Start of SOURCE DATA

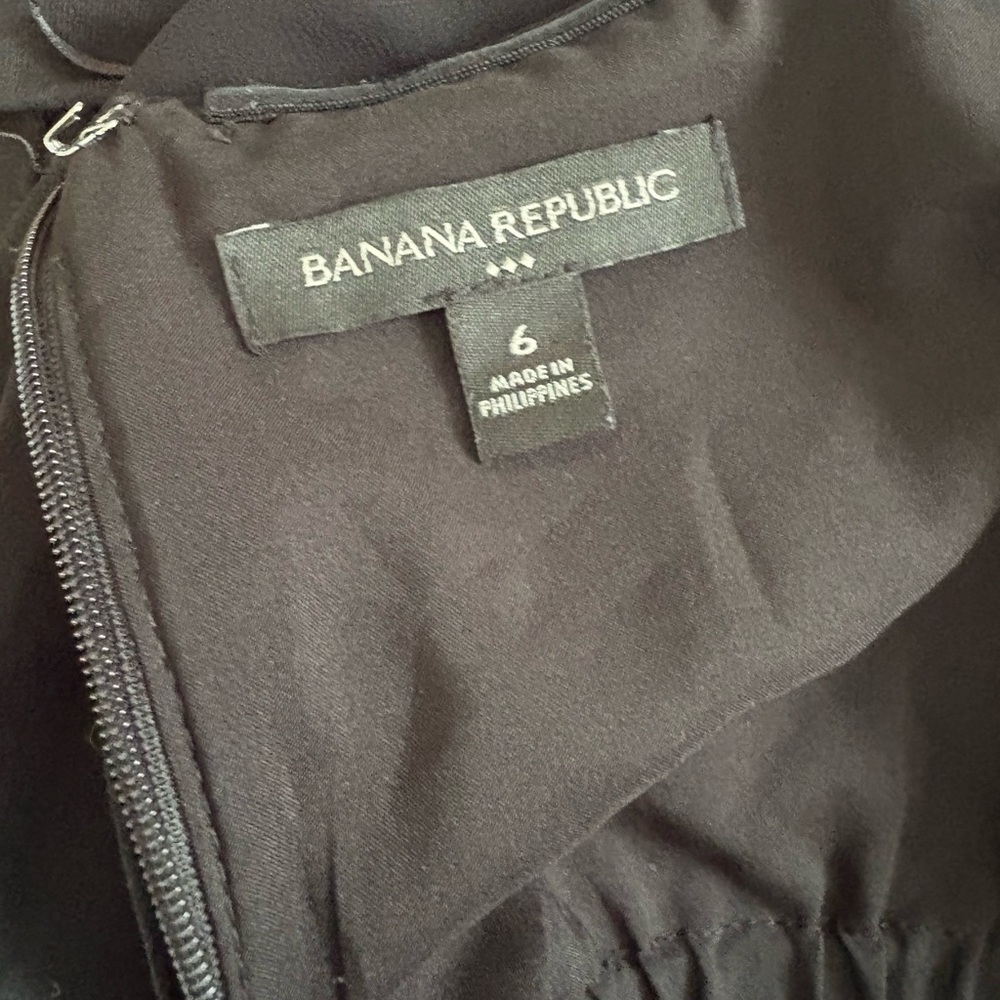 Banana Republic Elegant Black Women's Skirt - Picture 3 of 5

End of SOURCE DATA
Start of SOURCE DATA

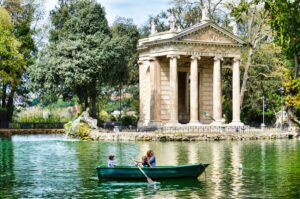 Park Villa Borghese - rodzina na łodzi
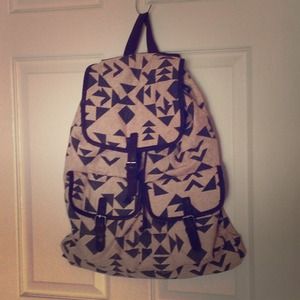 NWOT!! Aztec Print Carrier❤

End of SOURCE DATA

▸ **WHAT THE TASK ASKS**
In the records above, find the line with "Park Villa Borghese - rodzina na łodzi" and the line with "NWOT!! Aztec Print Carrier❤". Write out exactly those lines and every one between, with no pictures and no other lines.

▸ **RESPONSE**
 Park Villa Borghese - rodzina na łodzi
 NWOT!! Aztec Print Carrier❤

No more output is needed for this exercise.